For the Teachers Association the privatization of school management of the Education Department would be detrimental for the island´s education system.
"If the bill is approved ... Teachers should know that they would have lost everything. So it is better to loose one or two months salary, than their whole life, "said Aida Díaz, president of the Teachers Association, in a press conference.
However, the Association hopes not to get to that point, so yesterday they announced their action plan to prevent the bill from being approved in the Legislature.
They will start holding meetings with teachers in every educational region to provide information about the implications of the project, and after that, they will organize teachers to visit district legislators. Meanwhile, this Friday they will hold a forum with US experts on charter schools, followed by a march to La Fortaleza.
"We want to tell the governor and the secretary that the teachers will reach the ultimate consequences to stop this project, which is not acceptable," said Díaz.
She added that "teachers will not be accomplices in handing over Puerto Rican public education to merchants from the temple. Endorsing this bill as it is would mean handing Puerto Rican public education to others who, in many cases, do not know our culture or our idiosyncrasy”.
Changes to the public education system were announced by the governor last week and are in Senate Bill 825.

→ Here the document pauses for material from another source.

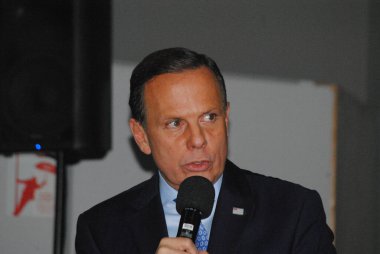 Covid-19.April 13. 2020, Sao Paulo, Brezilya: Bu Pazartesi Palacio dos Bandeirantes 'te düzenlenen basın toplantısında Coronavirus ile mücadele tedbirleri, (COVID-19)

Díaz said the bill is based on references to performance and retention in public schools.
However, she highlighted that the DE published a report in which the school dropout rate was calculated at .73 percent for 2015-2016.
Díaz said that this figure is lower than the United States average.
"In Puerto Rico, dropout rate is at .73 percent, while in the United States it is 5.4 percent. On the other hand, the graduation rate is 74.4 percent, that is much higher than most states, "said Diaz.
"They told us for years that it was 40 percent and that our students dropped out of school because it was not good. False. They were lying to us", she added.
Díaz said that, in addition to affecting teachers rights and labor benefits, who will become private employees, charter schools will disrupt education in the public system with practices that have not worked in the United States.
As an example, she highlighted that in the last META-PR tests, Puerto Rico students scored "58 percent in science while in the United States the result was 37 percent”.
She also stressed that, "it was even worse in math, the competence of our students was 44 percent in fourth form and 46 percent in fifth. In Maryland it was 37 percent, Rhode Island, 36 percent, Georgia, 35 percent, Illinois 35 percent, West Virginia, 31 percent... If we keep on analyzing, we see that more than half of the states are below the achievement level of our students. "
"They should stop lying and say what is really there behind this bill and with whom they committed to hand over the money of the people by selling their most sacred thing, which is their education", she exclaimed.
"There are reports from the Federal Education Department that indicate that corruption, theft, discrimination, harassment and abuse are the constant in these businesses", she said. "There are even cases in which funds are spent before the end of the year, so they close the school and leave, while leaving employees and children in the street", she said.